Thanks a lot for the reply @rpwagner. I appreciate your reply.
If anyone you tagged can provide specific replies to my "Questions about Globus" in https://github.com/pangeo-forge/pangeo-forge-recipes/issues/222#issue-1027771533 I will literally buy you a 🍺 or the beverage of your choice. 😉
@rabernat it would be great to have @kylechard opinion on this (hi Kyle!). If such a dialog between STAC endpoints (even if it is just a proxy) and Globus happens will be very interesting (but I don't know if is feasible or even desirable from a systems perspective).
I was at a talk by @ianfoster today, and he mentioned that they are moving a huge amount of data (If I'm not wrong, CMIP and MODIS), to be stored on Argonne ALCF, and it seems that they will be discoverable with Globus. So I think that this topic may be interesting for Globus folks too.
It is good to see this thread. @rabernat alerted me to it almost 2 months ago, and I am ashamed to say that I let myself be busy with other things. We will get answers to the questions not already answered, and to others as they arise. About @ricardobarroslourenco's data question: I provide some context in these slides, https://www.slideshare.net/ianfoster/big-data-big-computing-ai-and-environmental-science. We have replicated 700 TB of MODIS data to Argonne (slide 26), and are in the process of replicating 8.6 PB of ESGF CMIP data (slide 28). The idea is that they can then be computed on at high speed, as e.g. Takuya Kurihana is doing (https://ieeexplore.ieee.org/iel7/36/9633014/09497325.pdf).
Thanks for everyone who has chimed in here. Encouraged by @blaiszik, I am trying to organize an informal cross-project meeting between Pangeo and Globus, not specifically about this issue but about how our projects might collaborate more broadly. See details here - https://discourse.pangeo.io/t/pangeo-globus-labs-meeting-and-discussion/2308 - if you'd like to join!

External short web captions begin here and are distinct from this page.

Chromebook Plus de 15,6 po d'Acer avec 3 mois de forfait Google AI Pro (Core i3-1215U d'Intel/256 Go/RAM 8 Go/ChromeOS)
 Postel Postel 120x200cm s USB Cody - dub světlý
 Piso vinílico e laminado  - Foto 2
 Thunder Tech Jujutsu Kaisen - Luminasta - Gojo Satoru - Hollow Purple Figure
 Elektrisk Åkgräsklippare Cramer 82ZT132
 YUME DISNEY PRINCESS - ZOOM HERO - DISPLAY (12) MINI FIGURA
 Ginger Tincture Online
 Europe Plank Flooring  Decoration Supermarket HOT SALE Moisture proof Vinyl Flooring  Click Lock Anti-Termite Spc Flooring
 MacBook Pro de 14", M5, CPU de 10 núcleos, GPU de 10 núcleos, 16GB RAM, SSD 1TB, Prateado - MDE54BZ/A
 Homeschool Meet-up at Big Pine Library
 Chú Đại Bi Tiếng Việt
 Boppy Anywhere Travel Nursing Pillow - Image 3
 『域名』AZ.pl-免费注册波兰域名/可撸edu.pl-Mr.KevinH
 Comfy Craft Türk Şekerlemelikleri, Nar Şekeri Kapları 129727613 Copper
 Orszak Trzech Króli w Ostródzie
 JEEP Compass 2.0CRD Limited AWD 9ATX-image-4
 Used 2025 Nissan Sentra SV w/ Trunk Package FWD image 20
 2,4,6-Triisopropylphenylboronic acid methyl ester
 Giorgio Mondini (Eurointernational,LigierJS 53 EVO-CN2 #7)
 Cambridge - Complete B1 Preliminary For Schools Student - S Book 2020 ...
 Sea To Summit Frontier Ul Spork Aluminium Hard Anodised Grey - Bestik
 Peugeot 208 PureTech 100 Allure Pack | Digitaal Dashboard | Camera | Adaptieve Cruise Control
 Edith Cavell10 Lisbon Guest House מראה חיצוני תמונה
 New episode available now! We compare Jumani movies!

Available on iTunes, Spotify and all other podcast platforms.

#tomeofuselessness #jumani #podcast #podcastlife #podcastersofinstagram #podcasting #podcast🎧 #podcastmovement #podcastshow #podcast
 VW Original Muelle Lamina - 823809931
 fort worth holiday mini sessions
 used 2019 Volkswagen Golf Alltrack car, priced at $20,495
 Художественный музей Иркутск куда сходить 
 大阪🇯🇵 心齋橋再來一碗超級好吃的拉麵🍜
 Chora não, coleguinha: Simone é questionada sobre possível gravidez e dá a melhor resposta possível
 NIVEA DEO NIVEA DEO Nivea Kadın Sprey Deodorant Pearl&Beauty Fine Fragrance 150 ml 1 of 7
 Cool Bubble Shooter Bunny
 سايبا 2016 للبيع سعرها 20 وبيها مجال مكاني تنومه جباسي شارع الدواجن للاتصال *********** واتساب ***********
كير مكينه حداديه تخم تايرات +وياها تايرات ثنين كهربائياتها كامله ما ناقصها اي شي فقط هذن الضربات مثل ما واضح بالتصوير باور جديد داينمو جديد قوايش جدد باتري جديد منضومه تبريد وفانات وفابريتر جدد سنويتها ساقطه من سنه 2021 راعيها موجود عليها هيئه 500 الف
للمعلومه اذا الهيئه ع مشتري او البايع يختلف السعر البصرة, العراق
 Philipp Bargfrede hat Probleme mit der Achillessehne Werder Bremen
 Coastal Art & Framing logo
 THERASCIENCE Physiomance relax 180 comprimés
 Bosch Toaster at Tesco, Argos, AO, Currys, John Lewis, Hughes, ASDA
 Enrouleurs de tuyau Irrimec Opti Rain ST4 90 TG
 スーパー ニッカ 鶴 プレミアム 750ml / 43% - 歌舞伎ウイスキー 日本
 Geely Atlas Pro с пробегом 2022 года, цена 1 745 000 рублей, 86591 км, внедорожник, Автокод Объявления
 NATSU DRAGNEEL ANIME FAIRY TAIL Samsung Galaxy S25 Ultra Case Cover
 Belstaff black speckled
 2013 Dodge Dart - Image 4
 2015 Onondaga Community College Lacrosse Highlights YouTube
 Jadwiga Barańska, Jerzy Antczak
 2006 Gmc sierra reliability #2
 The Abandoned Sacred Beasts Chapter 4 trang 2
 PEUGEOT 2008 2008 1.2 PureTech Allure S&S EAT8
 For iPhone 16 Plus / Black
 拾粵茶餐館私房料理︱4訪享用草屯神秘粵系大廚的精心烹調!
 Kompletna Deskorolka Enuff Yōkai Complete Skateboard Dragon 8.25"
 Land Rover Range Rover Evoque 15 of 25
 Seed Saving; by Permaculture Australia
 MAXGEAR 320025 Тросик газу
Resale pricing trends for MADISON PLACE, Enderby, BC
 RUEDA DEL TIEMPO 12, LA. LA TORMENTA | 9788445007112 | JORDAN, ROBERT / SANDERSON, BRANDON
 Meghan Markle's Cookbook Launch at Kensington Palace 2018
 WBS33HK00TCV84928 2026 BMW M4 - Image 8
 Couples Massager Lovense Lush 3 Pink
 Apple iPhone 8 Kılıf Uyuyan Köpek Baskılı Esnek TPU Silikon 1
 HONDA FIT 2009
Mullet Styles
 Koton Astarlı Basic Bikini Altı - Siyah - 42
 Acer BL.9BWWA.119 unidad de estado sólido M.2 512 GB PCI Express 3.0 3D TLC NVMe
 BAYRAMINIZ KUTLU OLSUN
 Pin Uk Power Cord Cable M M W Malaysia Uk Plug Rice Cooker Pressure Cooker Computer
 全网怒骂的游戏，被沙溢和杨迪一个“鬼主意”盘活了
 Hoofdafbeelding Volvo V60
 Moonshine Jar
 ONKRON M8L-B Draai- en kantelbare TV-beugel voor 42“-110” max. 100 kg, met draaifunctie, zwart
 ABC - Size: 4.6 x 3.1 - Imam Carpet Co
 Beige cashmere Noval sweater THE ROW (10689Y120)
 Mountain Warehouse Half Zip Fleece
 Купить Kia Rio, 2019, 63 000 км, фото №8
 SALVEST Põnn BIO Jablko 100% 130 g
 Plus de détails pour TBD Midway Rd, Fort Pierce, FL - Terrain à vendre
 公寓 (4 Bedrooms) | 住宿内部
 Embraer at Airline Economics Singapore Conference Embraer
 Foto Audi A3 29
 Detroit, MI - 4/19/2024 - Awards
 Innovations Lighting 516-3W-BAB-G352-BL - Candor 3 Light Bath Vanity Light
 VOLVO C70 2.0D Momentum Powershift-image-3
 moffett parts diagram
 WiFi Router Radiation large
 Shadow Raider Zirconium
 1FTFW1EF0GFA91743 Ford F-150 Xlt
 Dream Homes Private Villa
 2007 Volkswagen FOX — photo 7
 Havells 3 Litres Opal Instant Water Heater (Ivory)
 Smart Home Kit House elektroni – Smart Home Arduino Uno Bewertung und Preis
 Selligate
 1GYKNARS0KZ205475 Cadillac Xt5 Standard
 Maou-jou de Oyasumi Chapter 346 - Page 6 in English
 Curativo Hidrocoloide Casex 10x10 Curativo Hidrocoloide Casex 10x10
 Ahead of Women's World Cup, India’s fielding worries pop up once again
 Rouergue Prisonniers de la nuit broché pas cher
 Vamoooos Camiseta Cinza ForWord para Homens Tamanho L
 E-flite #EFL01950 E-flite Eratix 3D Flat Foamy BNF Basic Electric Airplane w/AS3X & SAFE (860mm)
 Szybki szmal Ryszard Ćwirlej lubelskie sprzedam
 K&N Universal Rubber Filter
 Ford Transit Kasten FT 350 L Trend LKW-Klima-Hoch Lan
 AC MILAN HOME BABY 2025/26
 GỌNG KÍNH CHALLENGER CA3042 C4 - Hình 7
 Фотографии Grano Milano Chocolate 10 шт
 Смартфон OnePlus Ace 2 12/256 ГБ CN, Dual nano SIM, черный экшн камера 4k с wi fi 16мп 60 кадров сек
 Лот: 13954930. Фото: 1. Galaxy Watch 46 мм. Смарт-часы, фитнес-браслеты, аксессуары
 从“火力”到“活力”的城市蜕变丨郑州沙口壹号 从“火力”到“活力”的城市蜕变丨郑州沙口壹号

@rabernat certainly interested in joining the call and hearing more about your work. Here are some answers to the questions you posed above.
Is there such thing as a “global namespace” for the entire Globus federation? Can I refer to a specific file at a specific endpoint via a string url, e.g globus://my-globus-endpoint.columbia.edu/my/specific_file.nc?
All Globus endpoints have a unique ID and thus files can be referenced directly. In Parsl and other systems we compose URLs like your example (globus://..).
When using the latest Globus Connect version 5 endpoints, data access is via what we call "collections". Each collection has an associated DNS name, such that you can refer to collections directly. By default collections are assigned DNS names in the data.globus.org subdomain, but they can also be customized by deployments.
v5 also supports HTTP/S access to data, while enforcing a common security policy across the access mechanism. For example, here is a publicly accessible file: https://a4969.36fe.dn.glob.us/public/read-only/logo.png. For non-public data, users must authenticate (and be authorized to access the data) before it can be downloaded via HTTPS.
If we wanted to use Globus to transfer data from user-specified HPC systems to our cloud buckets via automated batch jobs, how would we handle authentication? Does Globus support “service accounts,” long-lived tokens, etc,...any way of storing credentials persistently for months / years without requiring interactive login? (Obviously such credentials would have to be managed securely, but that’s the case for any credentials.)
Yes to all of the above: transfers can be automated, Globus supports long running transfers, and you can retrieve long-lived refresh tokens.
There are two authentication layers with Globus. a) Authenticating to the Globus service so it can manage and track you transfers; and b) authenticating to the storage system with the needed credentials and meeting their policy.
For (a), for complete automation, application credentials can be used. This leverages OAuth’s model of an application obtaining credentials with an authorization server. These credentials grant the application an identity in the Globus ecosystem, and permissions for data and other roles can be granted.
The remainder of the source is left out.